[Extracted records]
━━━━━━━━━━━━━━━━━━━━
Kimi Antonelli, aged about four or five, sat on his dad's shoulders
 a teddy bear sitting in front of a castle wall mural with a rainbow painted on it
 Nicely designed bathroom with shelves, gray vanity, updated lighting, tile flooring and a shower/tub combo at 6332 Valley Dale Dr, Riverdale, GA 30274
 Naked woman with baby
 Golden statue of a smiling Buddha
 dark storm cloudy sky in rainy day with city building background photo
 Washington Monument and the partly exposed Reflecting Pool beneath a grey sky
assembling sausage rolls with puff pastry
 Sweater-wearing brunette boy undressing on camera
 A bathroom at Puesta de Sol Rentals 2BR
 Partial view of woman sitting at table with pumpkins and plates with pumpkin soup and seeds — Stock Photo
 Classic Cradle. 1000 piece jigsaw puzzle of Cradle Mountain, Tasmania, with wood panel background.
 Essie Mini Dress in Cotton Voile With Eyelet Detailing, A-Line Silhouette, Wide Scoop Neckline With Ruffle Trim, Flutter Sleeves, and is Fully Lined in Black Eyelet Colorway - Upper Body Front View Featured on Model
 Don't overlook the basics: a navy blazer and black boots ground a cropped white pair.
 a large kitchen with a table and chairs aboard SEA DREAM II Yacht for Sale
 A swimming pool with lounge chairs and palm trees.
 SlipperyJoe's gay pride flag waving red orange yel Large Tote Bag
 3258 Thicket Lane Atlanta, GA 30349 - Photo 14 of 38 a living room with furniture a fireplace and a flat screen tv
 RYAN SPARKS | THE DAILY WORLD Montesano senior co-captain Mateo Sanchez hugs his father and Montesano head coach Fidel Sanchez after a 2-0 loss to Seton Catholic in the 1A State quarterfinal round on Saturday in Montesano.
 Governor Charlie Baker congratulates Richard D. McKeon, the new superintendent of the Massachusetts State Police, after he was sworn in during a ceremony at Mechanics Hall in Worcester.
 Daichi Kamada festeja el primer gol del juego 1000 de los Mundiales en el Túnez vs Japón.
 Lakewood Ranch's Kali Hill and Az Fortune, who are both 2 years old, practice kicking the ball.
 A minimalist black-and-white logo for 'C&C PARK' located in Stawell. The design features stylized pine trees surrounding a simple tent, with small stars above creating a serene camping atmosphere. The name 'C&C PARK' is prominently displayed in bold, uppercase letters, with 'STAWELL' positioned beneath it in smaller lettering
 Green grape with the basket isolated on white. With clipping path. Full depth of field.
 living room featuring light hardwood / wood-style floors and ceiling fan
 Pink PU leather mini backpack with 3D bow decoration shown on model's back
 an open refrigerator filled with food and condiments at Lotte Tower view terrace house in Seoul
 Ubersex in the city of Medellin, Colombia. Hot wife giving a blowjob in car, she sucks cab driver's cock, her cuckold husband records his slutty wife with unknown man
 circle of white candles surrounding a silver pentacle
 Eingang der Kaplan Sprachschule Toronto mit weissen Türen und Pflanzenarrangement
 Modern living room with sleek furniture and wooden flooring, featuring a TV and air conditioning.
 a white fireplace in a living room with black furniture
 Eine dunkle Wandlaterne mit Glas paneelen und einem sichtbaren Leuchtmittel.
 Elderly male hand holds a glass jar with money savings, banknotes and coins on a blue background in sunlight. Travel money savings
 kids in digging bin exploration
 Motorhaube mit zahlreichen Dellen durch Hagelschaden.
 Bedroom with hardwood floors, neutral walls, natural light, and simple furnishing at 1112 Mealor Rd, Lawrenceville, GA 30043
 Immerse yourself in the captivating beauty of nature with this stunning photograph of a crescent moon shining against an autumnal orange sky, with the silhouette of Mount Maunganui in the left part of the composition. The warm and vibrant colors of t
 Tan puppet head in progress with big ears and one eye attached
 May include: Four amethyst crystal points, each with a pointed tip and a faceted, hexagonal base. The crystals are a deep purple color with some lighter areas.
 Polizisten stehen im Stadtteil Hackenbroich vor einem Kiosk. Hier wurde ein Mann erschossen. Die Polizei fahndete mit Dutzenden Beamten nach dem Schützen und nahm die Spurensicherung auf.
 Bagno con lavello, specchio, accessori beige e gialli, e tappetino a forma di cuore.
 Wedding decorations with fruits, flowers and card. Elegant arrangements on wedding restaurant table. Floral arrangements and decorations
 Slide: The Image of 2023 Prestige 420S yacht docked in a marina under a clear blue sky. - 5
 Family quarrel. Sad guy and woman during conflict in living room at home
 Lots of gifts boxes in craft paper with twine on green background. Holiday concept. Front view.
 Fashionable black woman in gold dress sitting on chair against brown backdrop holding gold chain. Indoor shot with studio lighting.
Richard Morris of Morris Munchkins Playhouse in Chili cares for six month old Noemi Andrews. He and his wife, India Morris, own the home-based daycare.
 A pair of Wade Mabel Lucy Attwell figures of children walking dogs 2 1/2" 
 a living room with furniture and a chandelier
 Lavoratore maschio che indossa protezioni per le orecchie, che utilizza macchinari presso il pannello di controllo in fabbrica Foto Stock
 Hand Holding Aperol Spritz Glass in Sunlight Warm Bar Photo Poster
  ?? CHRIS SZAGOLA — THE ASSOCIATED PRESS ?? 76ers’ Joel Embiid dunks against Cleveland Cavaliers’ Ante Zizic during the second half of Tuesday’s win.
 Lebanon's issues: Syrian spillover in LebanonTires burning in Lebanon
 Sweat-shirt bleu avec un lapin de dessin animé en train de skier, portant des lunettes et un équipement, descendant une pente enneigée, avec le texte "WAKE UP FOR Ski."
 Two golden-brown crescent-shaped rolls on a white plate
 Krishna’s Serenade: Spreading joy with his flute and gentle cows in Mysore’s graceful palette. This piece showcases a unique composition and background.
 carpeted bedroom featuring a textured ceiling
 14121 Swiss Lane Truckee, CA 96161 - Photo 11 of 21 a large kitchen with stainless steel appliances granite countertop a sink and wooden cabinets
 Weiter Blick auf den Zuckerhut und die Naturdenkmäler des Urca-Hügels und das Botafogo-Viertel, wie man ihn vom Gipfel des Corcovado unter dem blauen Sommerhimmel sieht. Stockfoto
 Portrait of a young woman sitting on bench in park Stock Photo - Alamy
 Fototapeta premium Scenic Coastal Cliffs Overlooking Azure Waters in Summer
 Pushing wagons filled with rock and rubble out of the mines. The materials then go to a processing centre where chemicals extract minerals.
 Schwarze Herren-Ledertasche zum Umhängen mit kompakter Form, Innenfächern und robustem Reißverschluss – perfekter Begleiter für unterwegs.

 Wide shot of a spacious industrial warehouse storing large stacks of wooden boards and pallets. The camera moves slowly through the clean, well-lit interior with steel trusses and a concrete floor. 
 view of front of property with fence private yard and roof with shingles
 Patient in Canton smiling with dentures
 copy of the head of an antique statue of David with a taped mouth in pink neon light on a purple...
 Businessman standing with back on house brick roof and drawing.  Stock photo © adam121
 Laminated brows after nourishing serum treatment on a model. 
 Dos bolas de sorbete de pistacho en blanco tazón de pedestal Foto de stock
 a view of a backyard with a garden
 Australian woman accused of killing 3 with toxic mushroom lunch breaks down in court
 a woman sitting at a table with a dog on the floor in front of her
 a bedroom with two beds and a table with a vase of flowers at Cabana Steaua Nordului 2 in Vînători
━━━━━━━━━━━━━━━━━━━━
### PROBLEM REQUIREMENTS
The lines to return begin at the first line of the records and end at the line holding "a teddy bear"; please return them exactly, including both, and nothing beyond.

### RESULT FOR THIS TASK
Kimi Antonelli, aged about four or five, sat on his dad's shoulders
 a teddy bear sitting in front of a castle wall mural with a rainbow painted on it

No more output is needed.